The hypothetical turbine considered in the study is also fitted with a platform mounted to the tower near its base, accommodating the following equipment: hydraulic power unit, mechanical package, water filtration unit, two injection pumps, chemical storage and injection unit, battery bank and davit crane (see second photo, above). Seawater is pumped to the platform via lift pumps, filtered to 50 micron, treated with chemicals and injected. Drawing on simulations and knowledge of “microgrid” applications in other industries, the use case study projects with a high level of confidence that a similar electrical system could be used to facilitate controlled startup and shut-down of the system, while ensuring the matchup of power demand and power supply during operation.
Testing and specifying this electrical system is the objective of Phase 2 of the JIP, currently in progress, according to Johan Slätte, DNV GL’s project manager for the program. Because injection volumes are dependent on the conditions for a specific reservoir, the project team will be investigating the use of different pumps, injection equipment and treatment systems, which can operate under a wide range of conditions. The detailed functionality of a battery system, required to power communication and turbine control equipment during periods of low wind conditions, will also be defined in this phase. The stability of the microgrid supporting the process will be tested in this phase.
While the project has yet to consider materials for manufacturing turbine blades, tower and foundation, glass-reinforced composites’ track record for fixed, and, now with the installation of Statoil’s Hywind Pilot Park wind farm, floating offshore turbines (similar in design to the turbine proposed for the in-use case study), will clearly make the materials the prime candidate for these applications as the project moves forward. “For floating wind, and offshore wind in general, new materials that reduce weight and lower the cost level are of great interest, whether it’s the turbine tower, blades or mooring system for a floating unit,” Slätte says.
Overall, the Phase 1 study found, floating turbines designed to power offshore water injection are projected to have higher operational costs, but lower capital costs, resulting in an overall 20% costs savings over a 20-year lifetime. Additionally, the cost comparison tilts in favor of wind-powered injection the further the injection well is located from the production platform, and also for tail-end wells with decreasing recovery rates.
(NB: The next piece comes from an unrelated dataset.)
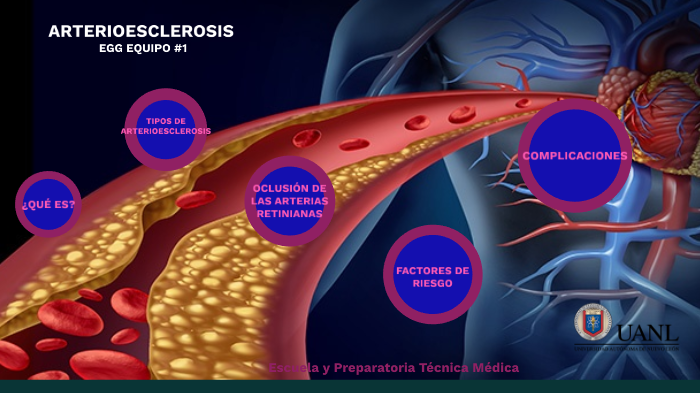 Arterioesclerosis By Ana Niño On Prezi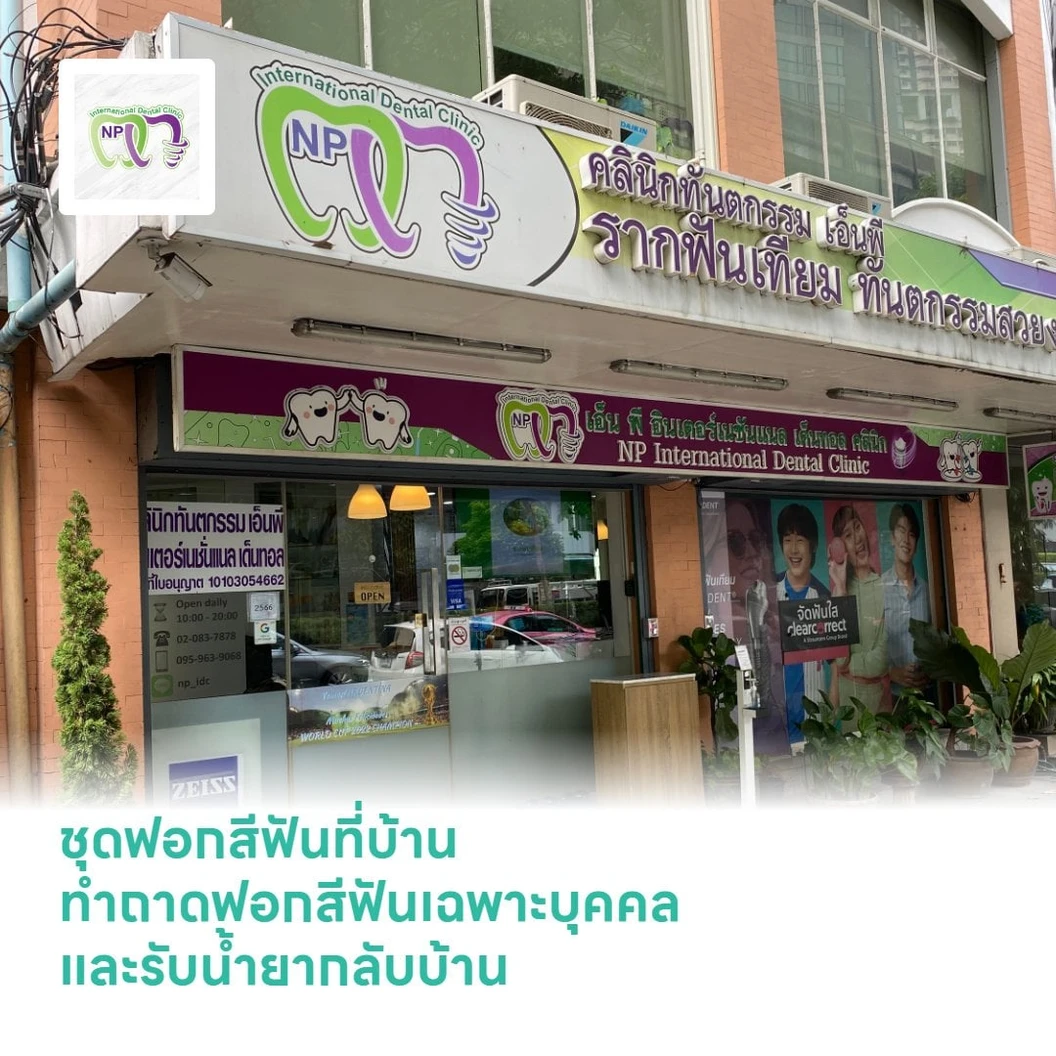 ชุดฟอกสีฟันที่บ้าน ทำถาดฟอกสีฟันเฉพาะบุคคลและรับน้ำยากลับบ้าน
Indeed, as recovery rates decline for older wells, producers often find it more cost-effective to shut them down rather than continue to run water injection operations from remote platforms. “We see floating wind as an enabler to increase recovery rates and extend the life of wells,” says Slätte.
While the immediate, near-term objective is to apply floating turbines to offshore oil injection wells, one can readily imagine the concept, in both floating and fixed configurations, could be modified to supply off-the-grid power for other applications in remote regions worldwide. The remote power concept, like the floating turbine technology itself, bears following as it develops.